As well as a wander round the rest of the gallery – which is a perfect size to pop in and wander without feeling overwhelmed by not being able to do everything, as you can easily cover it all in one visit – I went to the Chris Killip exhibition, The Last Ships. This free show (which is on their site as running till 2020) is worth checking out if you have any interest in the local region or industrial photography. A one-room exhibit, it features evocative black and white pictures of Wallsend and the last big ships built at Swan Hunters, and includes some stunning images of the giant ships dominating the landscape, capturing the influence they had over people’s lives, as well as the impact of their departure.
Terrible weather didn’t deter me from taking a wander around Ouseburn open weekend, where lots of the local studios – including The Biscuit Factory and Lime Street Studios – throw open their doors and you get a chance to meet the artists.
It was a lovely event – I could have spent a fortune, but limited myself to a picture and a couple of greeting cards. We also stopped for coffee in Hotel du Vin, which is a great pit stop in the area, in a beautifully repurposed building.
The biggest surprise of all though was the Quayside market. When I was growing up this was mainly somewhere packed with cheap shell suits and (probably) knock off DVDs, but now it is a foodie paradise with a range of great stalls. Definitely one for a return visit!
As regular readers will know, I am already a local at Northern Stage, and if I am not seeing a show there, I can still regularly be found in the cafe, writing over a cup of coffee.
But there are other treats in the building, and downstairs at the minute is a fascinating photography exhibition celebrating 25 years of BalletLORENT, on display before the venue hosts a four-night celebration in November.
Even if ballet isn’t your thing, the black and white photos are a interesting look at performance and bodies – and since it’s free and on the way to the ladies loos, you might as well have a look.

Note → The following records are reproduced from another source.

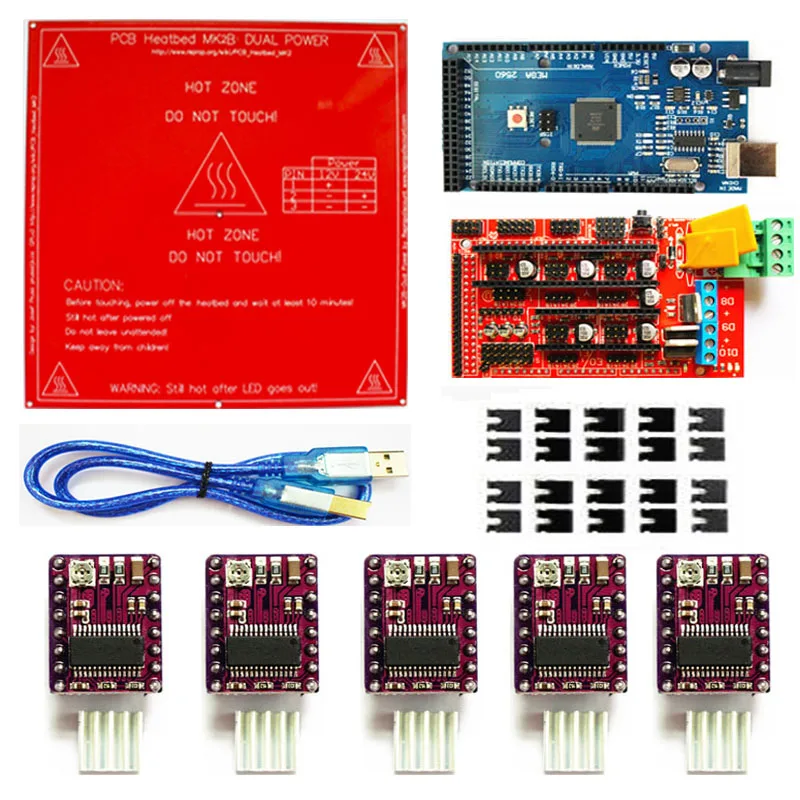 Mega 2560 R3 для arduino + контроллер RAMPS 1 4 шт. модуль шагового драйвера DRV8825 5 комплект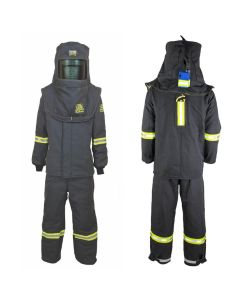 OBRTCG7B-ES-S-HVSL image(0) - Oberon Suit Kit - Arc Flash - 140 Cal TCG&trade; - Comes with Hood, Coat, Bib Coveralls and Fresh Air Arc Flash Hood Ventilation System & Light - With Escape Strap - Color: Black - Size: Small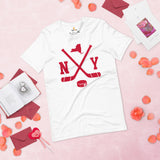 Hockey Game Outfit & Attire - Bday & Christmas Gift Ideas for Hockey Players & Goalies - Retro New York Hockey Emblem Fanatic Shirt - White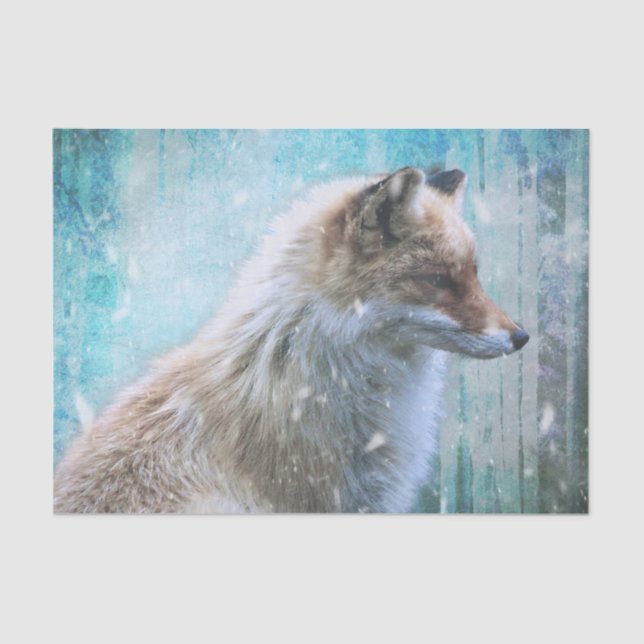 Niedlicher Furry Fox auf Blue Grunge Hintergrund Seidenpapier (Vorderseite)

Went for a birthday brunch to The Factory Kitchen at the Biscuit Factory, in the newly revitalised Ouseburn. I have been to the gallery before, and liked it, but never eaten at any of the eateries. The Factory Kitchen is, I think, the most affordable, and I will definitely be going back: the grilled cheese sandwich was one of the best I have ever had, and my companion was equally taken with her eggs Benedict. The only downside was it was so filling that even after we took a break to walk around the art and enjoy a pop up jewellery shop (the main gallery also sells some lustworthy pieces), we were still so full that her plan to buy me a slice of cake was thwarted and we had to settle for another coffee instead…
One of the most iconic symbols of Gateshead regeneration, the Baltic is a stunning building put to good use. My friend S & I wandered down after our delicious brunch at Backyard Bike Shop, past all the preparations for the Great North Run at the weekend.
From the viewing box at the top that has one of the best views in the city, we worked our way down from floor to floor. Most of the place was dominated by pieces for the Great Exhibition of the North, my favourite of which was a photography show done in collaboration with the Side, Women by Women, featuring black and white pictures taken in the region. (And it’s all free!)
A slightly dry cheese scone and a cup of coffee in the cafe and a mooch around the fabulous gift shop completed our visit, and we were ready to head for a beer…
Getting my culture on, I popped into The Side Gallery today to catch their exhibition About The North: Imagined Dialogues before it closed. I have long loved the Side. It’s free, holds interesting events that manage to be both locally focused and grounded without being parochial, and it’s small enough that you can take in a whole exhibition before your feet start to hurt.
About the North was a gorgeous show: a mix of photographers, some I had heard of but had no idea had ever set foot in the North East (Henri Cartier-Bresson, Bill Brandt), some known for their Northern-focused fare (Martin Parr) and some I was unfamiliar with. Much of the older photography was focused on poverty – indeed, some of it was from projects that had been commissioned specially to illustrate things like housing issues – but it was presented with a warmth and humanity that stopped me feeling like I was gawking.
The exhibition only runs till Sep 9: catch it if you can!